On Monday, the US accused China of being a currency manipulator, after the value of its currency the yuan fell sharply to an 11-year low.
The yuan has fallen 2.3% in the three days since US President Donald Trump announced he would impose 10% tariffs on $300bn (£247bn) of Chinese imports from September.
The fall was seen as Beijing trying to offset the incoming US tariffs by trying to make its products cheaper.
Stephen Innes, managing partner at VM Markets Pte, said Beijing had “unleashed their version of shock and that the yuan’s weakening had “sent a tsunami of risk aversion across global markets leaving a swath of market carnage in its wake”.

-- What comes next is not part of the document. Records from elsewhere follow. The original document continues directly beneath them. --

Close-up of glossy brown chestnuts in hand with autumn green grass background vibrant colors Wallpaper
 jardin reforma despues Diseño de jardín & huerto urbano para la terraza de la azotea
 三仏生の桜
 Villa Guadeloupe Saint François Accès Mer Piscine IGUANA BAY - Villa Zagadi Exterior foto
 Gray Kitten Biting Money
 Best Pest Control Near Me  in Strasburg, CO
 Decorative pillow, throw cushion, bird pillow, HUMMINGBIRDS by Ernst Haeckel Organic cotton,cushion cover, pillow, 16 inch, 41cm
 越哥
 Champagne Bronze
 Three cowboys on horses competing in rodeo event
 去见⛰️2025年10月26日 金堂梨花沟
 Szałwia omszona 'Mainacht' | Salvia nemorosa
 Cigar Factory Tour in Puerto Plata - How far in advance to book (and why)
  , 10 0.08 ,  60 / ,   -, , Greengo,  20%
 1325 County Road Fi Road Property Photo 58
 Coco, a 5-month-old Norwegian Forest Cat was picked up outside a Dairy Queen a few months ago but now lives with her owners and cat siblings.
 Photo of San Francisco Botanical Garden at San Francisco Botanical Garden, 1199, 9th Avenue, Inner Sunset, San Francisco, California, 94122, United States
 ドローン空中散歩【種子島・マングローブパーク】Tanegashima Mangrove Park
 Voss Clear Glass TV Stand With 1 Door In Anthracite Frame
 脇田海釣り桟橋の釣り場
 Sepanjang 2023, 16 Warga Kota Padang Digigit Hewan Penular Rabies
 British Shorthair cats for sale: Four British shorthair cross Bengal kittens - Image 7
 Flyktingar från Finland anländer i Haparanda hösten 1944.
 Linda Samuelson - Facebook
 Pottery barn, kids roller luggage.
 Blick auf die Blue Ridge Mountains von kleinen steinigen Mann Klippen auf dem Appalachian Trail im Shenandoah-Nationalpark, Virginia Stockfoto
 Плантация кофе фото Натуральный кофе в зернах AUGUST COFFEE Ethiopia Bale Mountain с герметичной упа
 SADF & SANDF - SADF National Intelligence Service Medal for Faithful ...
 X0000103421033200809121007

US Treasury Secretary Steven Mnuchin vowed to engage with the International Monetary Fund to eliminate what the Treasury described as an “unfair competitive advantage” created by Beijing.
By Tuesday the yuan had pulled back from an all-time low, however.
China’s official Communist Party newspaper accused the US of “deliberately destroying international order” and holding its own citizens to ransom.
Despite what Mr Trump has said in the past, tariffs are not paid by China but by US businesses exporting Chinese goods.
When US consumers buy the goods in their country, they face higher prices as importers look to recover costs.
Beijing’s Ministry of Commerce has also vowed to suspend promised purchases of US farm products, defying one of the US’s major conditions for a truce in the trade dispute.
Meanwhile, the pound was up 0.3% at $1.2176, not far from last week’s 31-month low, but it hit a new 23-month low against the euro of 92.49p.